Data items
%%

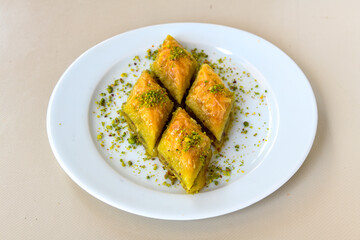 Turkish Dessert Sobiyet  Baklava, mussels baklava and classic baklava with Pistachio . Cevizli, Fistikli Baklava, top view.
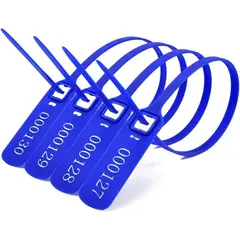 KUANGYE - Sellos De Seguridad Azul Numerado Con Inserto Metalico 100un Azul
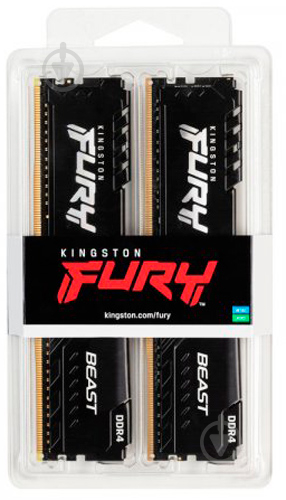 Оперативная память Kingston DDR4 SDRAM 16 GB (2x8GB) 3600 MHz (KF436C17BBK2/16) Fury Beast Black - фото 4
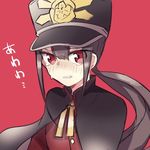  black_hair blush cape check_commentary commentary_request eyebrows_visible_through_hair fate/grand_order fate_(series) hat long_hair male_focus military military_hat military_uniform numachi_doromaru oda_nobukatsu_(fate/grand_order) ponytail red_background red_eyes simple_background solo teardrop tearing_up teeth uniform 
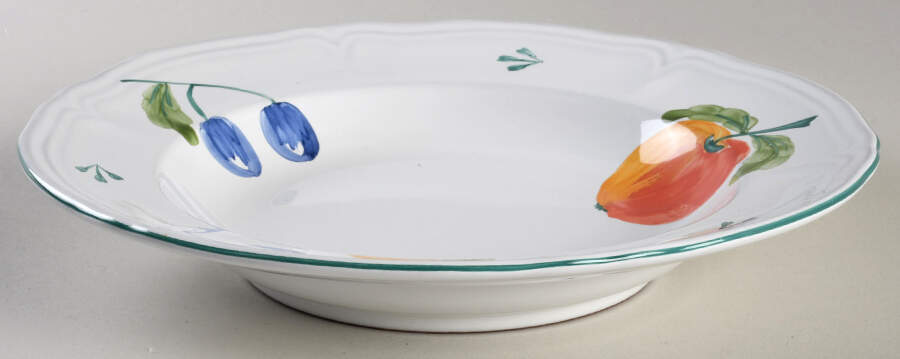 Fancy Fruits Large Rim Soup Bowl by Herend Village-1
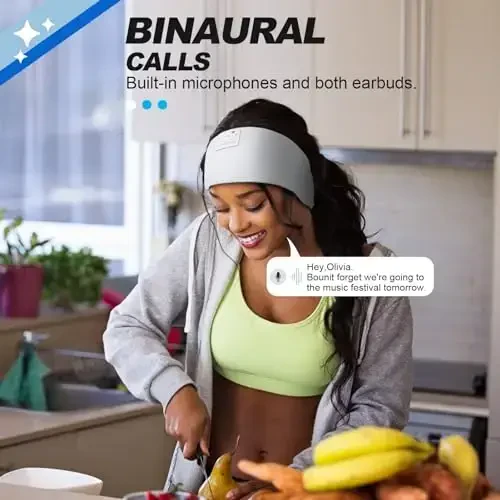 LC-dolida Sleep Headphones Bluetooth 5.2 | Headband Headphones Earphones Wireless | Sleep Mask for Sleeping, Sports, Gifts, Workout, Jogging, Yoga,Insomnia, Air Travel, Meditation - 4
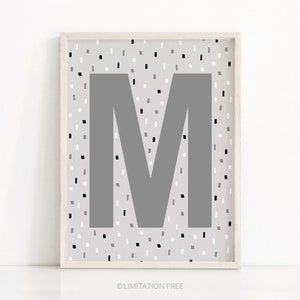 Letra M de la guardería del niño, arte imprimible de la guardería, arte de la habitación de los niños, decoración de la guardería gris, impresión inicial de la guardería, impresiones de los niños, arte de la pared de los niños imprimible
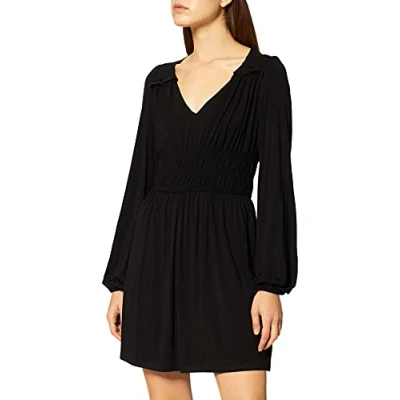 Abbildung von NA KD Damen Minikleid mit markierter Taille Lässiges Kleid, Schwarz, 38 EU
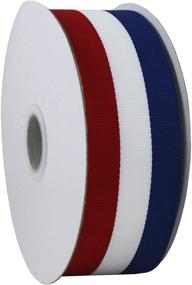 img 1 attached to 🎀 1.5-inch x 25 Yard Spool of Grosgrain Ribbon in Red, White, and Blue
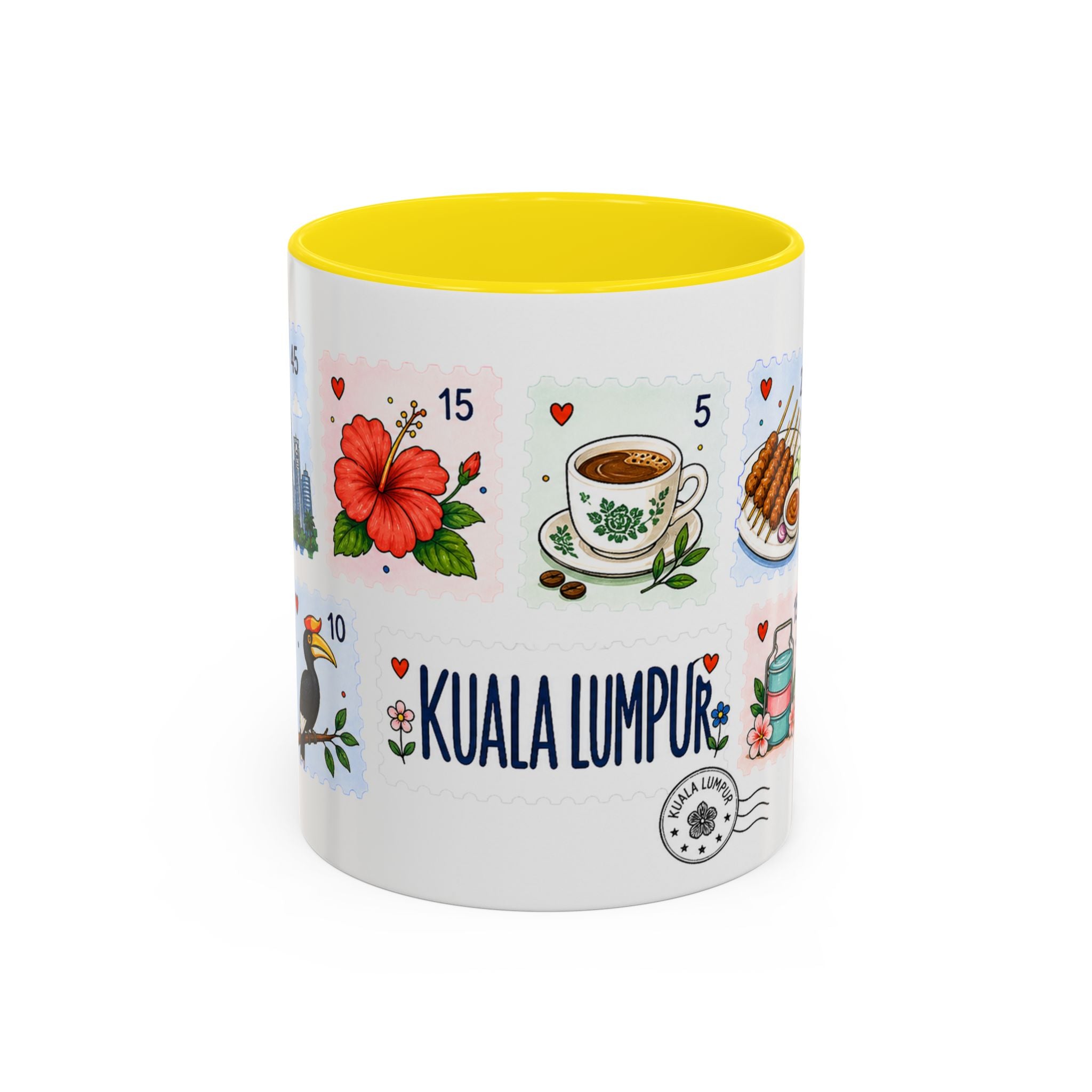 Kuala Lumpur Coffee Mug | Postage Stamp Collage Mug | Travel Souvenir Accent Cup 11oz 15oz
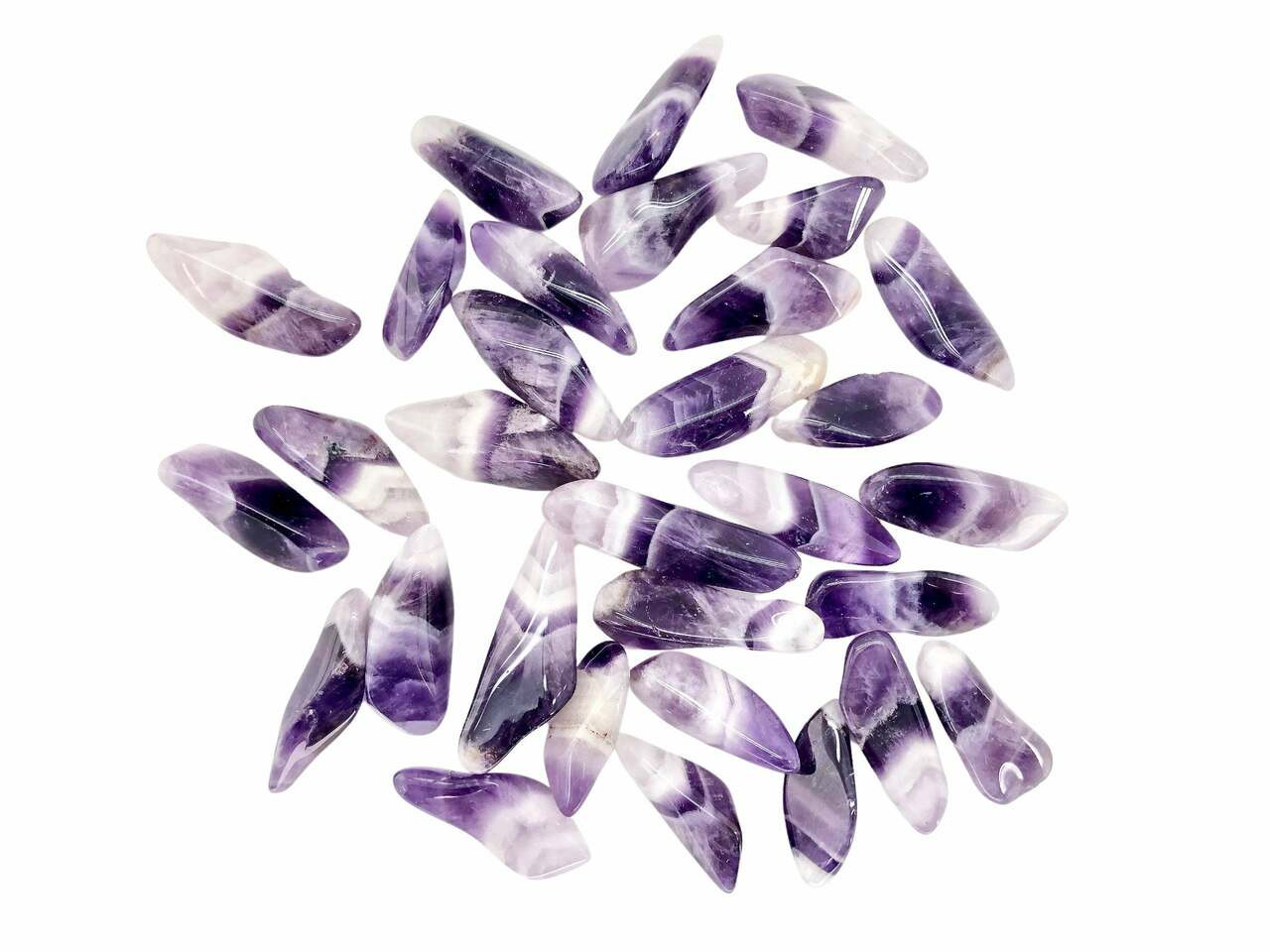 Details about   Amethyst Chevron Tumbled Dogtooth Stones South Africa 50 grams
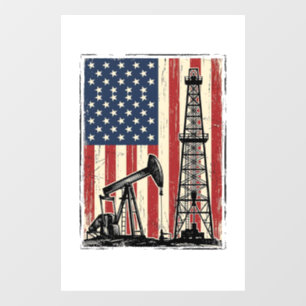 Vintage Oilfield American Flag Vector Shirt Design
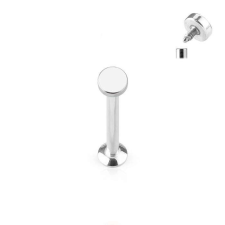 Labret 3mm-es lemez díszítéssel (ezüst színű) testékszer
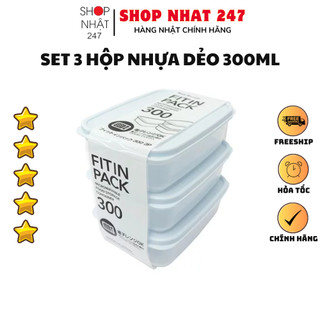 Set 3 Hộp đựng cơm văn phòng, hộp nhựa đựng thực phẩm thức ăn tủ lạnh, dùng lò vi sóng Fitin Pack 300ml nắp dẻo Nhật Bản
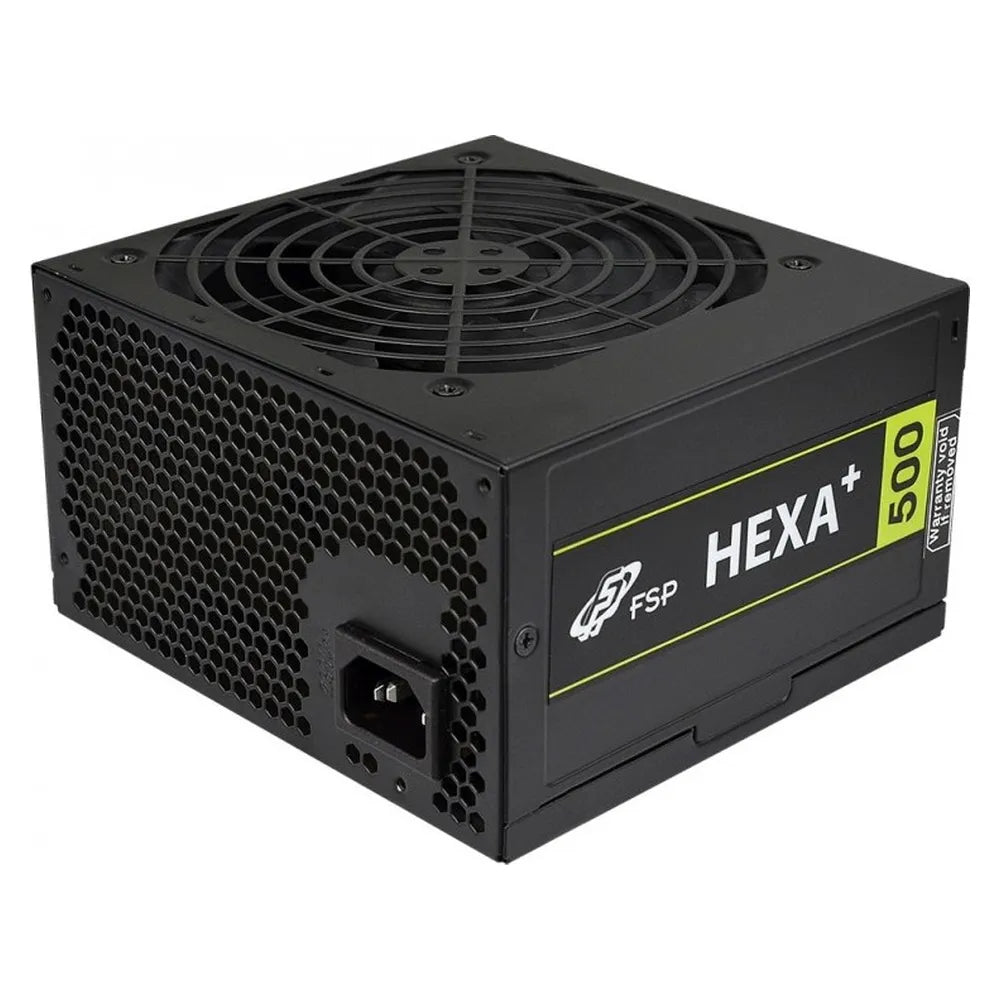 FSP Hexa+ 500W 80 Plus Power Supply, 500W, Non Modular, ATX, 120mm Quiet Fan, OVP/OCP/SCP Protections, Black, 1 Year Warranty
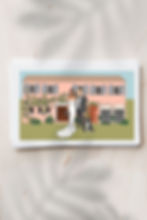 Thumbnail: Commissioned couple and venue illustration for branded stubby holders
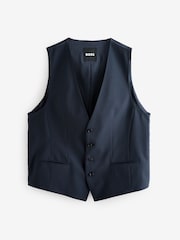 BOSS Blue White Slim-Fit Wool Waistcoat - Image 1 of 1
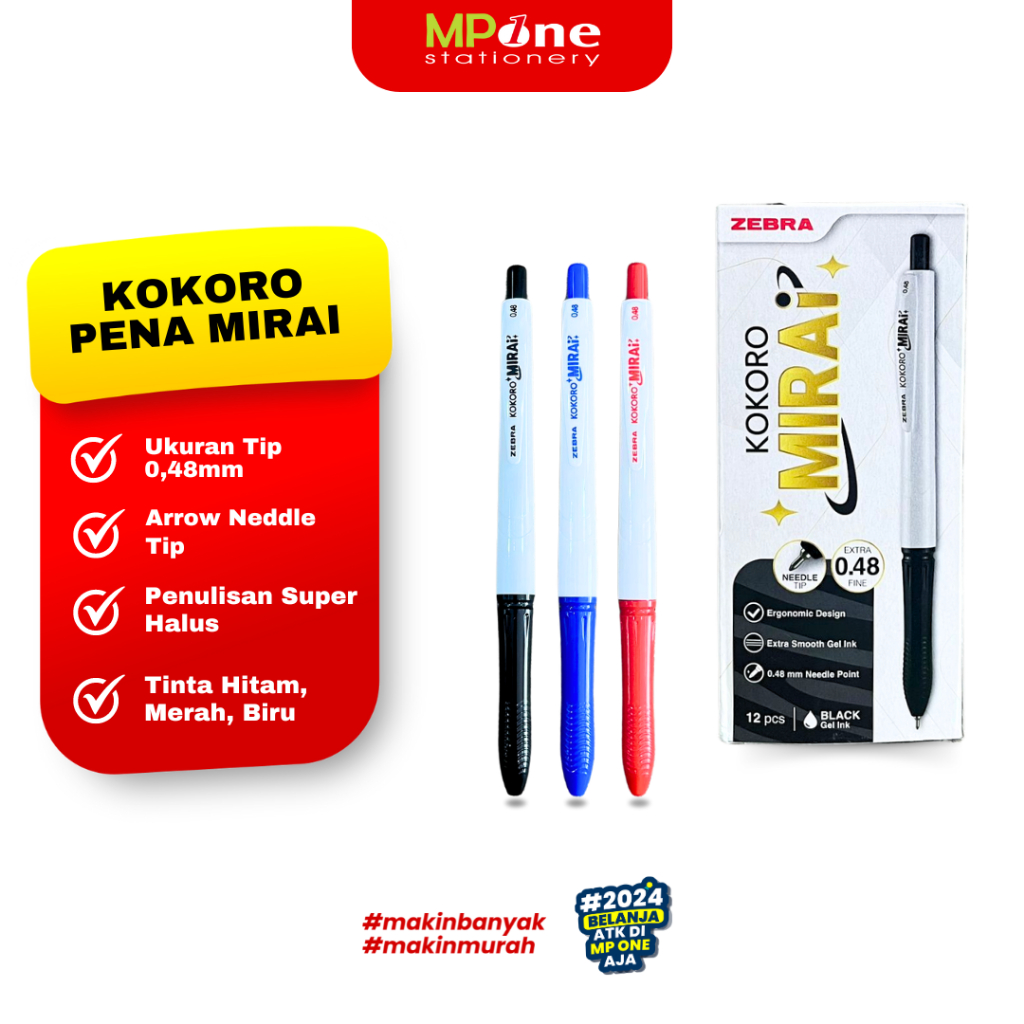 

(1 PCS) Zebra Pena Gel Kokoro Mirai 0,48mm Tinta Hitam, Biru, Merah / Pulpen Rectractable Gel Kokoro Mirai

%%

Exactly as written, restate the lines above from the opening line through the one holding "Оперативная память Kingston", omitting the pictures.

 Turkish Dessert Sobiyet  Baklava, mussels baklava and classic baklava with Pistachio . Cevizli, Fistikli Baklava, top view.
 KUANGYE - Sellos De Seguridad Azul Numerado Con Inserto Metalico 100un Azul
 Оперативная память Kingston DDR4 SDRAM 16 GB (2x8GB) 3600 MHz (KF436C17BBK2/16) Fury Beast Black - фото 4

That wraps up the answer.